• EXERCISE:
Among the entries below, only the lines starting at the one with "Wiha - Klucz" and ending at the one with "NIP Disney 10pc", both included, are to be printed exactly.

• DATA:
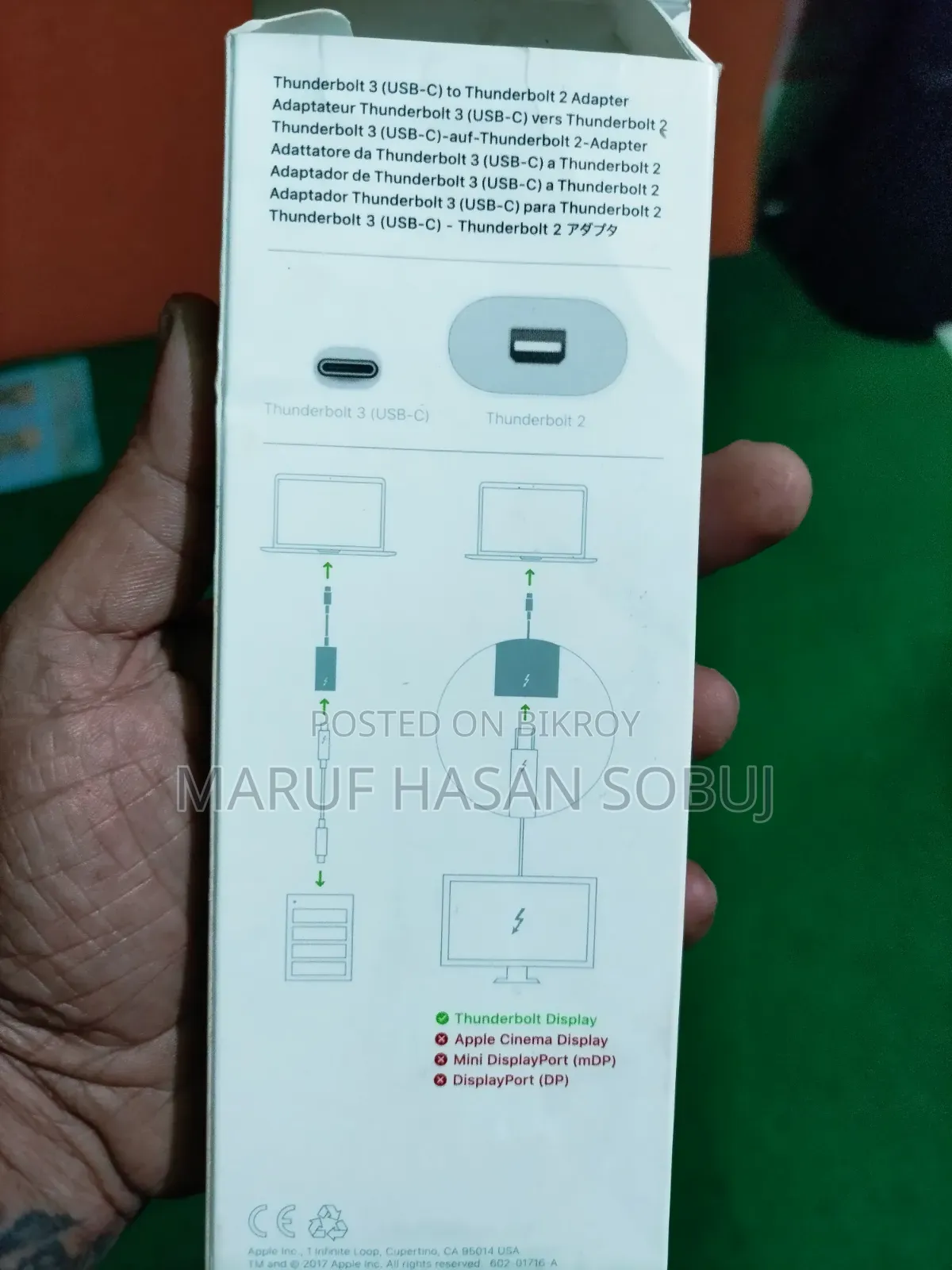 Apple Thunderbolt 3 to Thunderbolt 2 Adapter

--

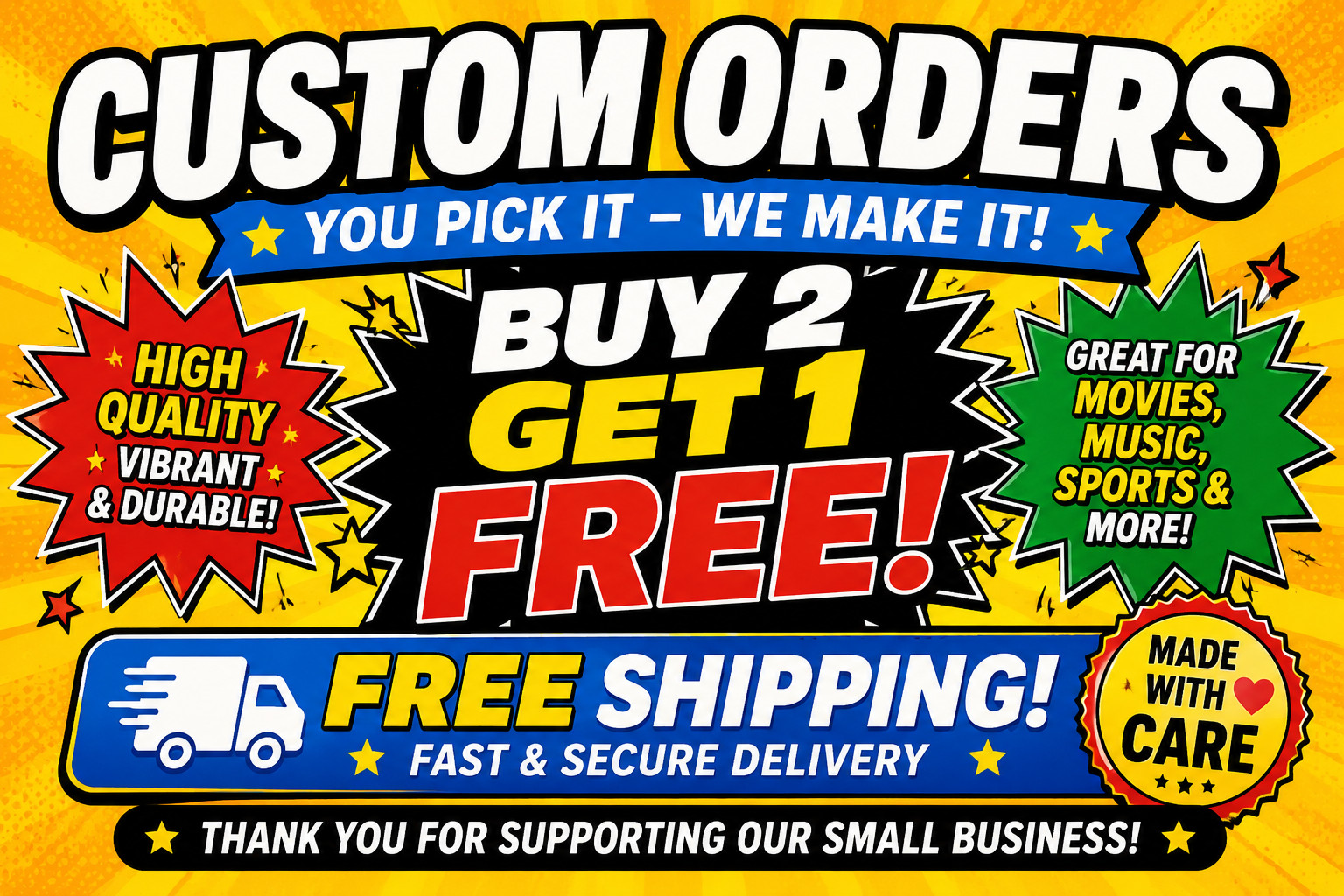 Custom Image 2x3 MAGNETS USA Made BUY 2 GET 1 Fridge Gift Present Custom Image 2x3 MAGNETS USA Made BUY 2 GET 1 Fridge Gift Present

* * *

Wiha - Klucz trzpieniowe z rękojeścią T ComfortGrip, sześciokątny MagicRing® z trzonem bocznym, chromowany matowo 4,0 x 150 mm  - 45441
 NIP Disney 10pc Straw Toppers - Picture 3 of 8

• FINISHED TASK:
Wiha - Klucz trzpieniowe z rękojeścią T ComfortGrip, sześciokątny MagicRing® z trzonem bocznym, chromowany matowo 4,0 x 150 mm  - 45441
 NIP Disney 10pc Straw Toppers - Picture 3 of 8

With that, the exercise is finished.